久々の黒木さんの作品です。元々週刊エコノミストに連載された一冊で、私は文庫本(上下2冊構成)で読みました。レーティングについて言えば、昔の話と切ってしまえばそれで終わりかもしれませんが、とても真摯で胸を打つ戦前・戦中・戦後の一大経済叙事詩であり、西山弥太郎という日本の産業人の中でも特筆すべき一人の一代記となっており、後世に読み継がれてほしいと思える一作です。黒木さんのエンターテイメント性が強い作品とは完全に一線を画した本格的な経済ノンフィクションであり、著者の力量をまざまざと見せつけられた一冊です。

舞台は川崎製鉄(現在はNKK(日本鋼管)との統合を経てJFEスチール)です。元々川崎造船の一部門としてスタートしますが、殖産興業の流れ、また戦前の軍拡の中で鉄の需要は大きく伸びた時代に、西山弥太郎は冶金学科を卒業、入社します。寝ても覚めても研究しているか、現場に出ているかというエンジニアだったようで、その博識ぶり、徹底した研究姿勢、更に現場で解決していくという姿勢など、若いころから特筆すべき働きを残しています。また、凄いことに会計や経済といったことも旺盛に勉強を重ね、経営者としても遅咲きながらぐんぐんと成長し、大胆なビジョンを打ち立て、大きな人間性で周りを巻き込んでいっていることです。

詳細はあまり書くと面白くないので差し控えますが、その間には空襲等による製造設備の喪失、肉親の早すぎる死(この下りは涙なくして読めません)、官民からの目に見えぬ圧力が絶え間なくふりかかりますが、強い信念と明るさで突破していくところが印象的です。戦後は公職追放で(西山さん自身も危うい立場に居たようですが)多くの重役が抜ける中で川崎重工のトップにという話もあったようですが、タイトルのとおり鉄に一筋だった西山さんはあくまで鉄に拘り、分社化をして川崎製鉄のトップとして辣腕をふるっていきます。
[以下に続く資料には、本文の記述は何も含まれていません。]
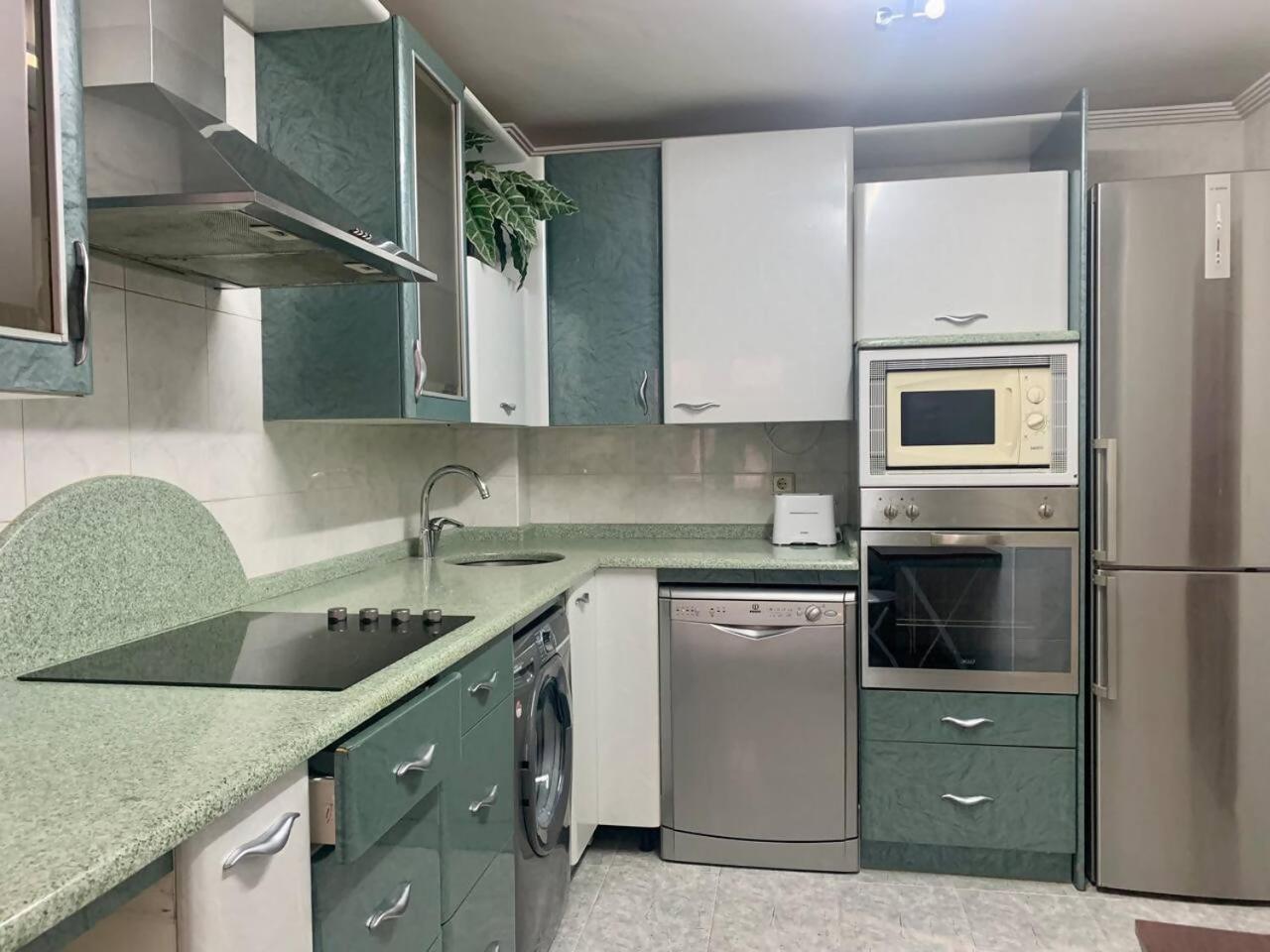 Apartamento Centrico Y Comodo Vitoria-Gasteiz Extérieur photo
世界銀行からも資金をたびたび引いていたというのも全く知りませんでした。

解説にも書かれていますが、同世代の経営者(例えば松下幸之助、本田宗一郎)などに比べてサラリーマン経営者ですし、著名ではなく(私も本書で初めて知りました)、言って見れば地味な存在かもしれません。しかしながら、その(個人としても会社としても)苦闘の歴史があり、更に西山さんの日本内外のために鉄を作るという気迫が胸に迫ります。こういう熱い経営者やその仲間の闘いの上に各社の歴史があると思うのととても不思議でありがたい感じがします。また、こういう優れた経営者に着目し、その足跡を掘り起こしたうえで丹念かつ冷静に描写していく黒木さんの努力にも頭が下がるものがあります。日本産業史を知る上でもとても素晴らしい一冊ですので、強くお勧めです。

2015年2月18日水曜日

第111回:「坐禅のすすめ」平井 正修

レーティング:★★★★★☆☆

前回に続いて仏教関係の一冊です。他に1冊併読しているのですが、経済関係の上下巻なので結構時間がかかります。
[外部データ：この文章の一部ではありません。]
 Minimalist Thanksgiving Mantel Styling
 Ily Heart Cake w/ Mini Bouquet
さて、本書は臨済宗全生庵の住職が書かれた優しい坐禅の入門、といった本です。前回レビューしたものは禅というものはなにか、初心とはなにか、ということでしたので、それを読んでからのこの一冊はとても理解しやすいものでした。活字が大きく、一つのチャプターが3~4ページととても読みやすいのですらすら読める半面、がっつりと禅というものを理解するには向いている本ではありません。
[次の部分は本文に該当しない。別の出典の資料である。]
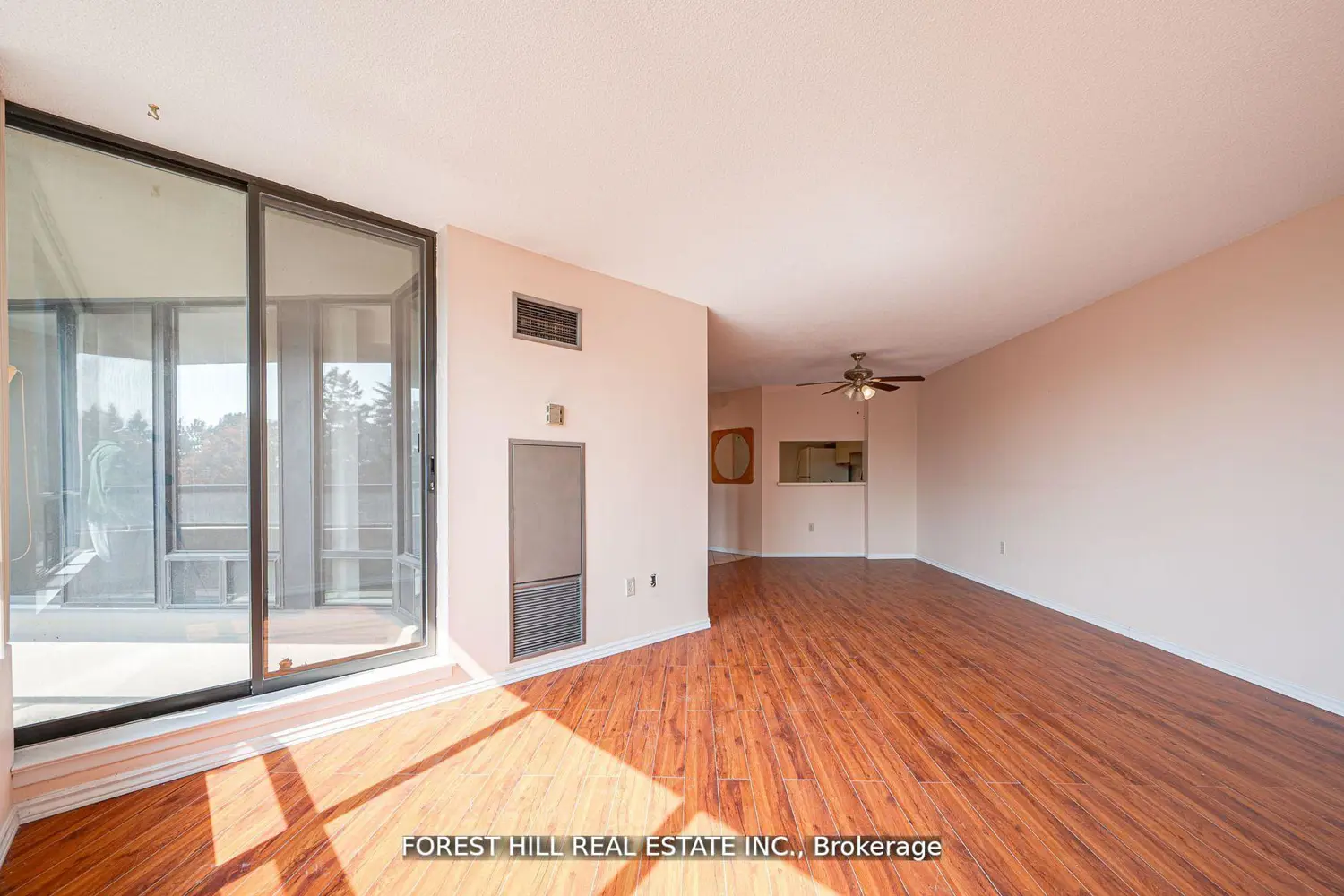Additional image 10 of 7440 Bathurst Street 308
禅や坐禅で面白いと思える考えは、「余計なものを捨てる」、「開き直る」、「強さよりしなやかさ」といった点を強調し、さらに頭でっかちな理解ではなく、ひたすらに実践を求め、耳学問となることを厳に戒めているところです。どちらかというとまず理性的になにかを理解したい、と感じてしまう性質なので、アプローチが新鮮です。ぜひ、禅の入門書と合わせて読まれることをお勧めします。全生庵、一度行ってみたいものです。